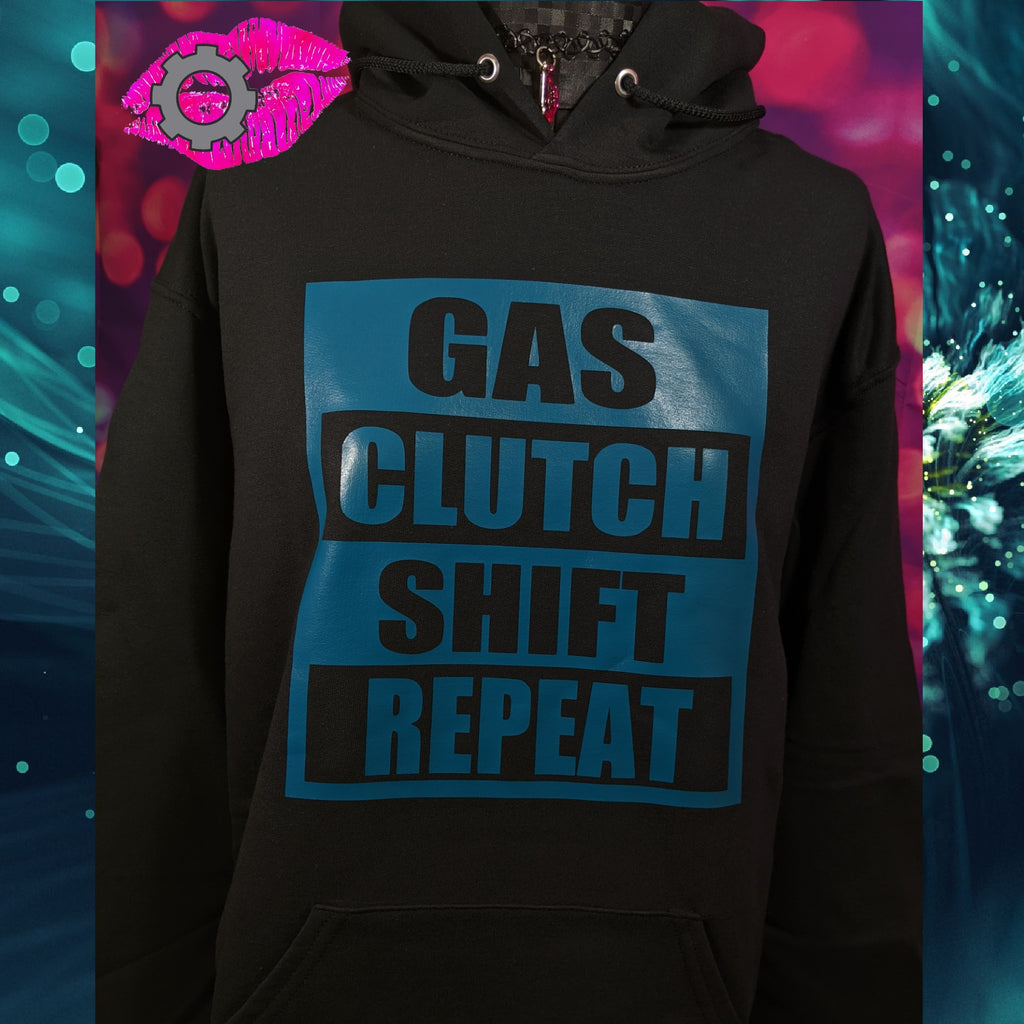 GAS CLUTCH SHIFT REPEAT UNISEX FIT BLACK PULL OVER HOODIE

---

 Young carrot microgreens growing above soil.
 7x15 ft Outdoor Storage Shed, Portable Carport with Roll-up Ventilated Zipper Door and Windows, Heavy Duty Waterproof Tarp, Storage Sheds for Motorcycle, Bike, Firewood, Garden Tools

--

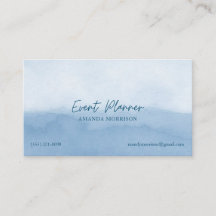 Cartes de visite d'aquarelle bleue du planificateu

ABOUT THIS EXERCISE: Everything above from the line containing "Young carrot microgreens growing above soil." through the line containing "7x15 ft Outdoor" must be copied exactly. Nothing outside that range belongs in the answer.

OUTPUT FOR THIS EXERCISE:
 Young carrot microgreens growing above soil.
 7x15 ft Outdoor Storage Shed, Portable Carport with Roll-up Ventilated Zipper Door and Windows, Heavy Duty Waterproof Tarp, Storage Sheds for Motorcycle, Bike, Firewood, Garden Tools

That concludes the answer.